Keywords

1 Introduction

With the mature development of global navigation satellite system (GNSS), people can obtain accurate ground position information through GNSS and provide various applications. If it is indoor, satellite positioning will fail, so indoor positioning technology is to solve the positioning problem when there is no satellite signal. Common technologies for indoor positioning include inertial navigation and wireless positioning. Inertial navigation uses an inertial measurement unit (IMU) to assist in positioning. IMU includes an accelerometer and a gyroscope, which can measure the change in pose of an object. The pose at this moment can be obtained by adding the pose change obtained by the measurement to the pose at previous moment.
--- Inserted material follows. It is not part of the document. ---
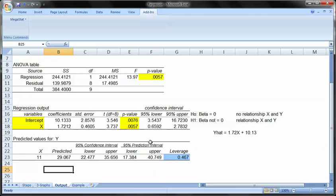Basically what we're saying is we think based off the model that it's going to be around 29, almost 30, but taking into account that it's not going to be exactly that number, we think it's going to fall between 17 and 40 based off a 95% confidence interval.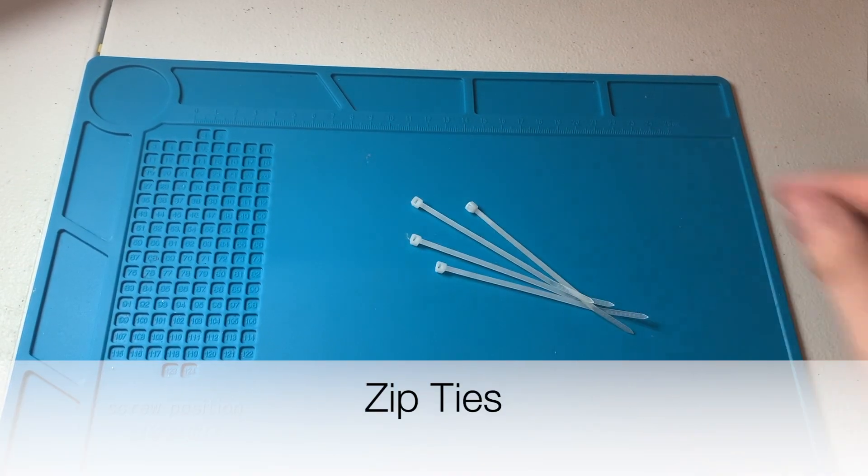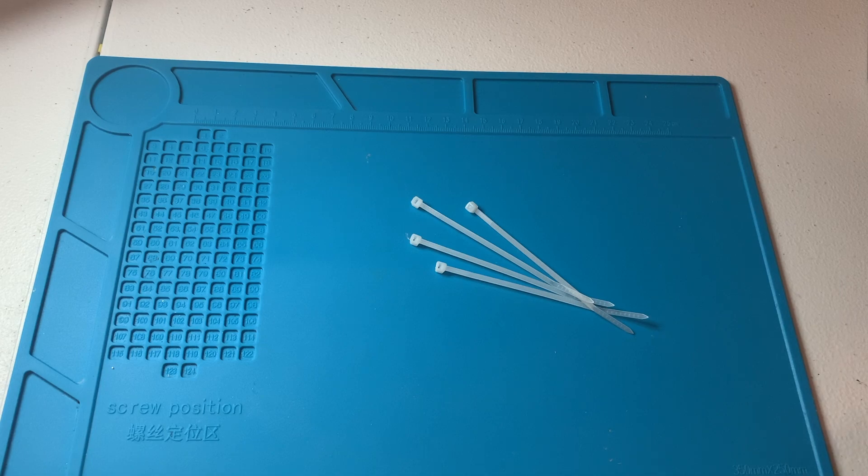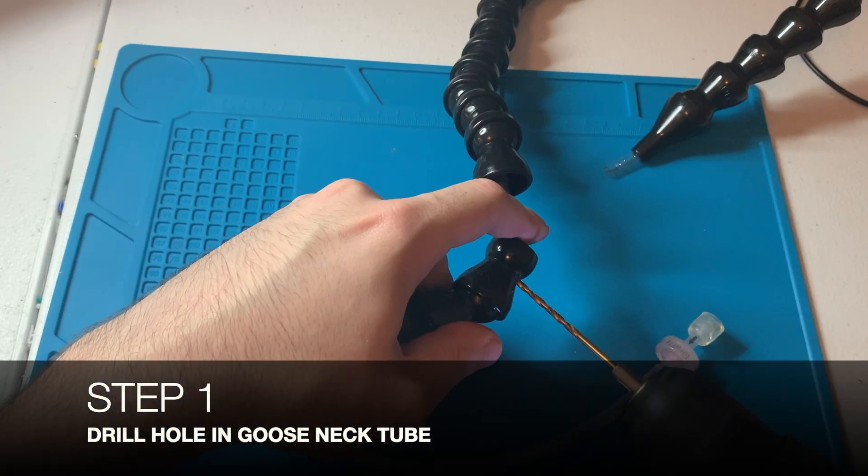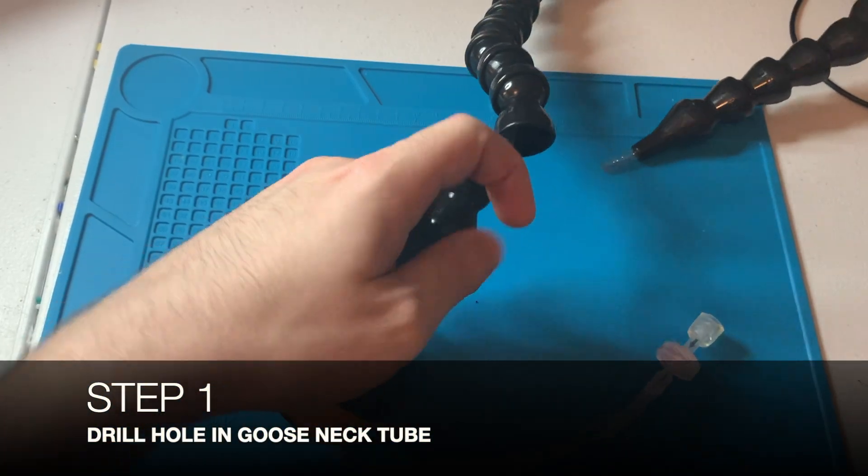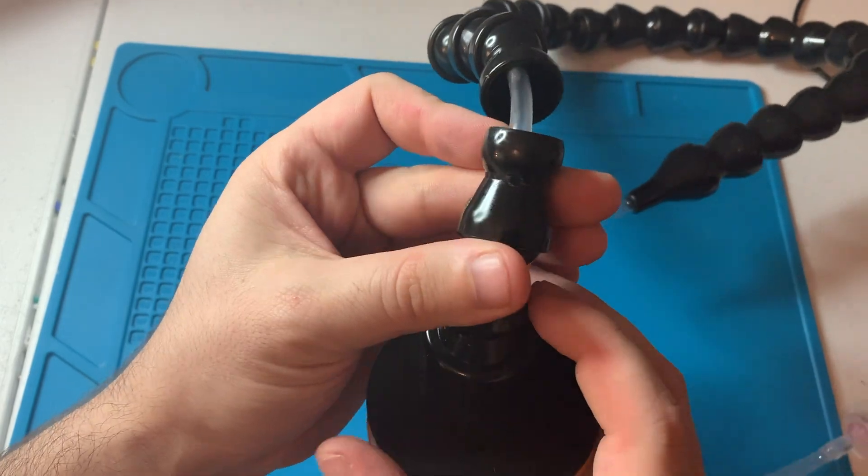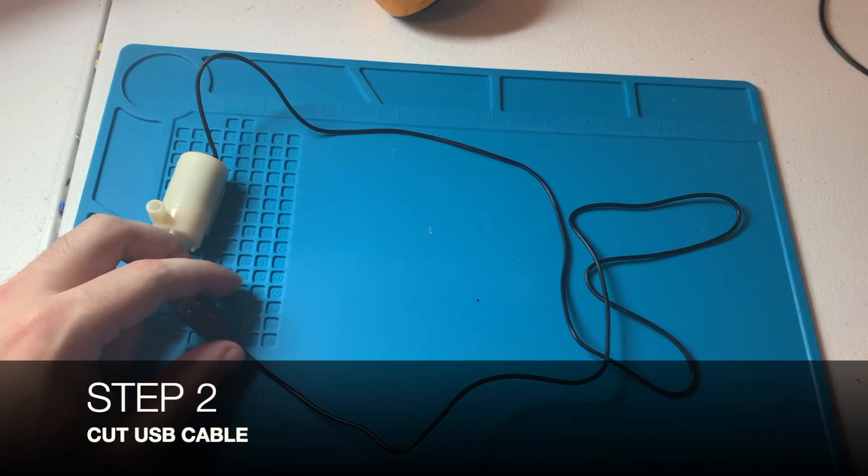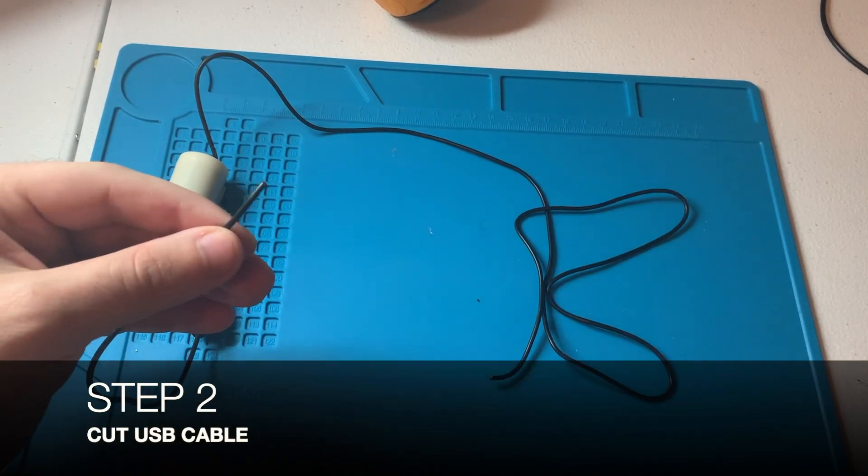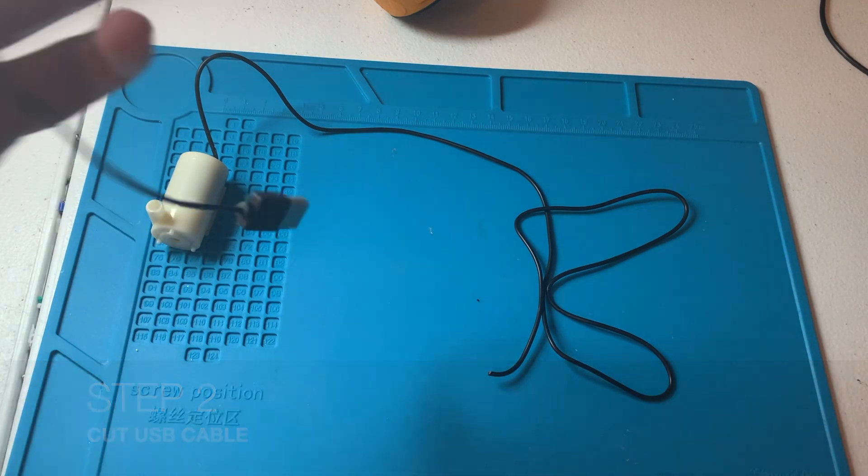The first thing you're going to do is take the water bottle gooseneck tube and drill a small hole after around three of these spaces. Then take your water pump and cut off the USB part.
This method requires a given initial value, and as time increases, it will accumulate errors and make later trajectory drift. Positioning accuracy depends on the price of IMU. If higher positioning accuracy is required, IMU is more expensive. Wireless positioning, such as infrared, Wi-Fi, Beacon, ZigBee, etc., is to arrange wireless transmitters in indoor field. User uses wireless receiver to measure the strength of wireless signal from each transmitter to calculate the user’s location. This method needs to arrange transmitters in advance, and wireless signal is susceptible to interference and positioning failure. Visual localization uses visual characteristics of image to compare the features with images of database or 3D model of the field, and then calculate camera pose of the image. This method needs to collect many images or build a 3D model in advance, but there will be no accumulation of errors and less susceptible to interference. At present, visual localization has been widely used in the field of computer vision, such as robot positioning and navigation, autonomous driving, augmented reality (AR) and virtual reality (VR), and so on.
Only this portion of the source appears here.